Feb 22 2018
Some scientists have hypothesized that tumor-promoting changes in cells during cancer development--particularly an epigenetic change involving DNA methylation--arise from rogue cells escaping a natural cell deterioration process called senescence. Now, researchers at the Johns Hopkins Kimmel Cancer Centerdemonstrated that instead, tumor-associated epigenetic states evolve erratically during early stages of tumor development, eventually selecting for a subset of genes that undergo the most changes during normal aging and in early tumor development.
The work, published in the Feb. 12 issue of Cancer Cell, may help refine biomarkers of cancer risk. Screening for these genes may help stratify, for every age group, individuals with the highest risk for cancer development, the authors say.
"Aging is probably the leading risk factor for most common cancers," says coauthor Stephen Baylin, M.D., the Virginia and Daniel K. Ludwig Professor of Cancer Research at the Kimmel Cancer Center. As epigenetic changes are reversible in laboratory models, some scientists are considering the possibility of modifying this risk factor as a potential way to modulate aging as a cancer risk factor. "Maybe you won't find the Ponce de León Fountain of Youth, but if you could dampen down the risk of cancer for every decade you age, that could be huge," says Baylin.

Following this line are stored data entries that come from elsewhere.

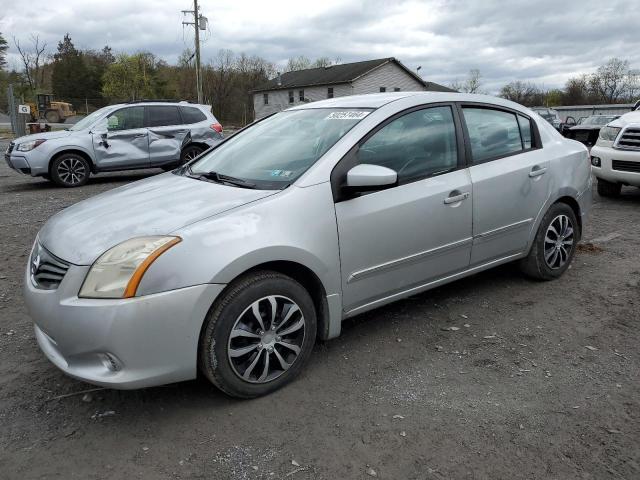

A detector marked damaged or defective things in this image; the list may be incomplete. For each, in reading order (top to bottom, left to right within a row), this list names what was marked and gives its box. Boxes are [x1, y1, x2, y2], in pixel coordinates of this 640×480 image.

damaged silver suv [3, 101, 224, 188]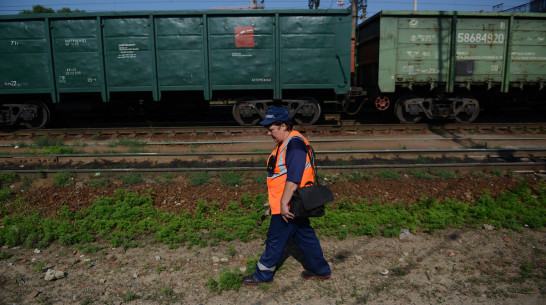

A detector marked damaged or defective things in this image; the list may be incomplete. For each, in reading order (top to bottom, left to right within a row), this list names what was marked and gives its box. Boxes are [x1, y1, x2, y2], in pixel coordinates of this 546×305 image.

rusty freight wagon [0, 8, 350, 127]
rusty freight wagon [354, 11, 540, 122]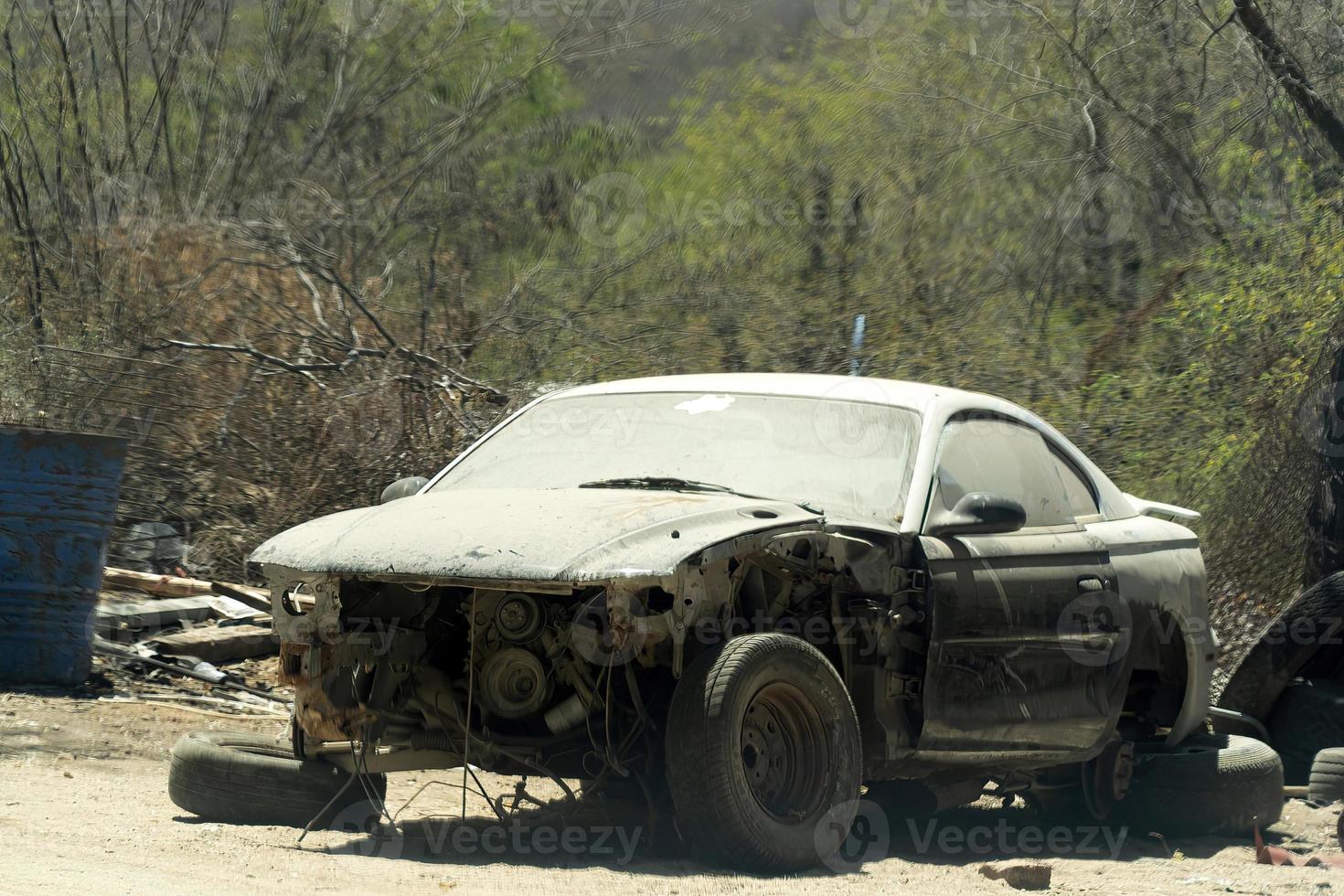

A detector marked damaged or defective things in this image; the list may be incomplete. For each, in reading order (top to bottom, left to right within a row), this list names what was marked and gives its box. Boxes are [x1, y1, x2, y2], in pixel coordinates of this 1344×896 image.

rusty metal panel [0, 428, 127, 688]
rusty hood [247, 490, 827, 581]
detached tire [1214, 571, 1344, 724]
detached tire [167, 728, 384, 827]
detached tire [662, 633, 863, 870]
detached tire [1112, 731, 1280, 837]
detached tire [1265, 680, 1344, 783]
detached tire [1309, 746, 1344, 801]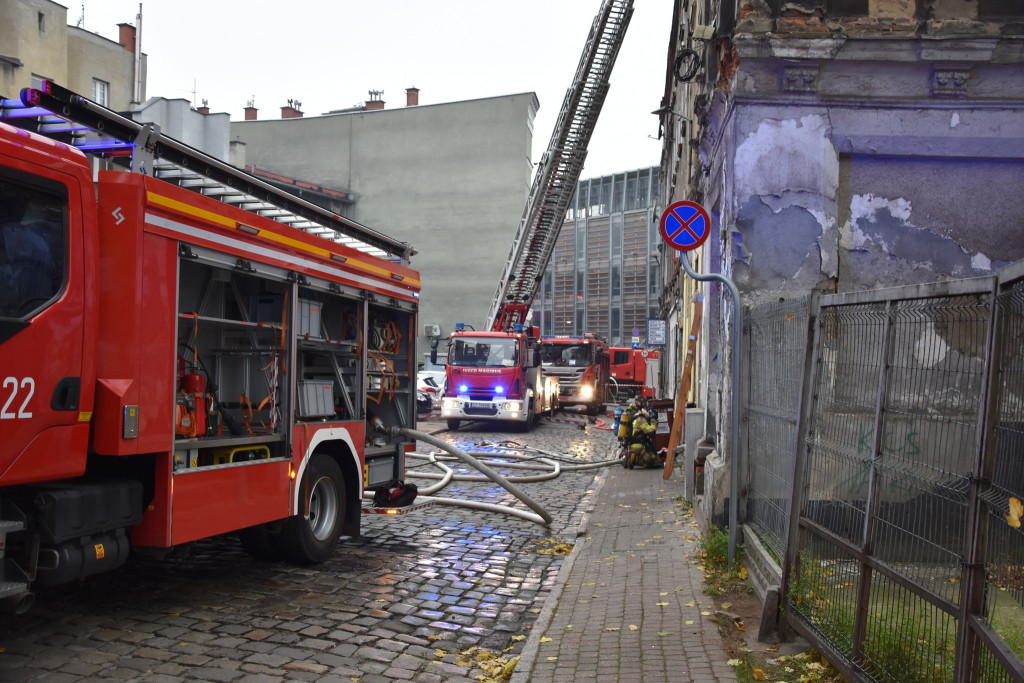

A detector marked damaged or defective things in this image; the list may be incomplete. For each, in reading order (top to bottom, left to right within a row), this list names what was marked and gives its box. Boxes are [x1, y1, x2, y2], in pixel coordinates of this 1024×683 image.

damaged building facade [655, 0, 1024, 516]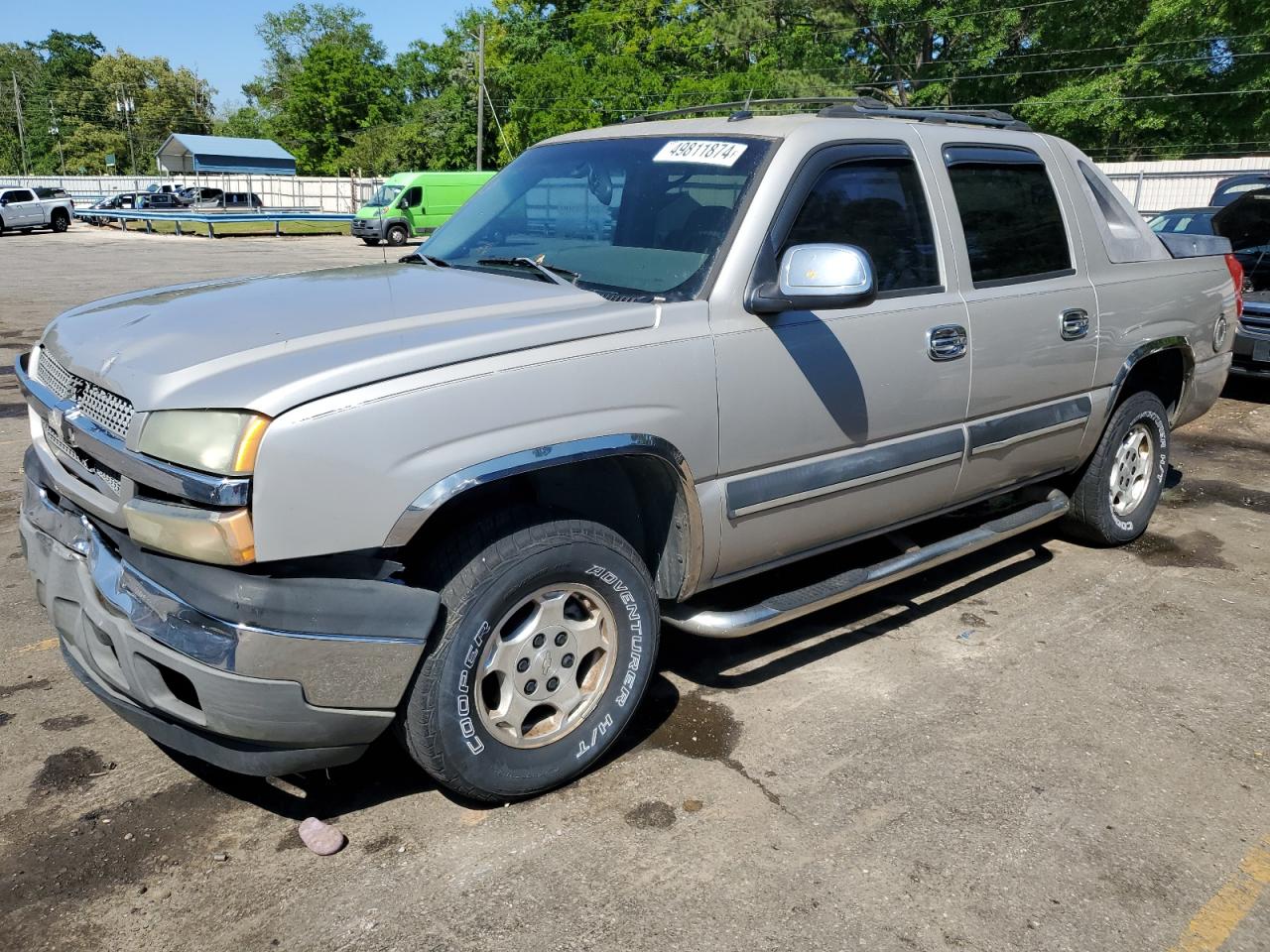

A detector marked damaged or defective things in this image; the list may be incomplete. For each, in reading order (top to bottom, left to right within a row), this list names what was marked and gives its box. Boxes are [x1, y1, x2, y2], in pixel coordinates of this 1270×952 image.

damaged front bumper [17, 450, 437, 777]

For the study, investigators studied patterns of DNA methylation, a process by which cells add tiny methyl chemical groups to a beginning region of a gene's DNA sequence, often silencing the gene's activation. They took fibroblast cells from human foreskin samples and followed an established, three-step laboratory process called Weinberg's classical transformation system to convert the cells to cancer cells. The process includes infecting cells with genes known to induce tumor development. The scientists also injected the early transformed cells into mice to monitor their progression. They took a second group of fibroblast cells and let them naturally mature into senescence. The researchers followed methylation changes observed in both groups of cells over time.
"Senescence is a very well-known, normal aging process that is actually an antitumor mechanism. It occurs when cells perceive an excess of DNA damage, when cells undergo too many cell divisions or when they experience cancer development-related stress. So it was puzzling to us how the senescence process could lead to the formation of tumors," says senior study leader Hariharan Easwaran, Ph.D., assistant professor of oncology at the Johns Hopkins Kimmel Cancer Center.
To solve the mystery, Easwaran, Baylin and collaborators began mapping the evolution of epigenetic DNA methylation alterations during senescence and transformation. They found that although the alterations appeared similar between senescent cells and transformed cells, the way they evolved and the genes that got methylated were different for the most part.
The researchers found that DNA methylation that evolved during senescence was very programmed, so much so that replicates of the senescence process in different petri dishes all had the same epigenetic pattern, Easwaran says. Independent replicates of the transformation process, by contrast, appeared very stochastic, or random.
In addition, the transformation process primarily involved regulator genes that are critical for cancers to maintain the characteristics of a cancer cell, Baylin says. In comparison, senescence involves a number of metabolic process genes.
In additional experiments, Wenbing Xie, Ph.D., the study's lead author, could not coax senescent cells into becoming transformed cells, serving as a protection against cancer development, and identified a subset of transformation-associated methylated genes that were most prone to get methylated during early tumor formation and during aging. In future work, the researchers will explore tissue-specific patterns of DNA methylation gains for the senescence and transformation classes of genes, and hope to use that to devise strategies for determining age-associated risk-stratification of tumor development.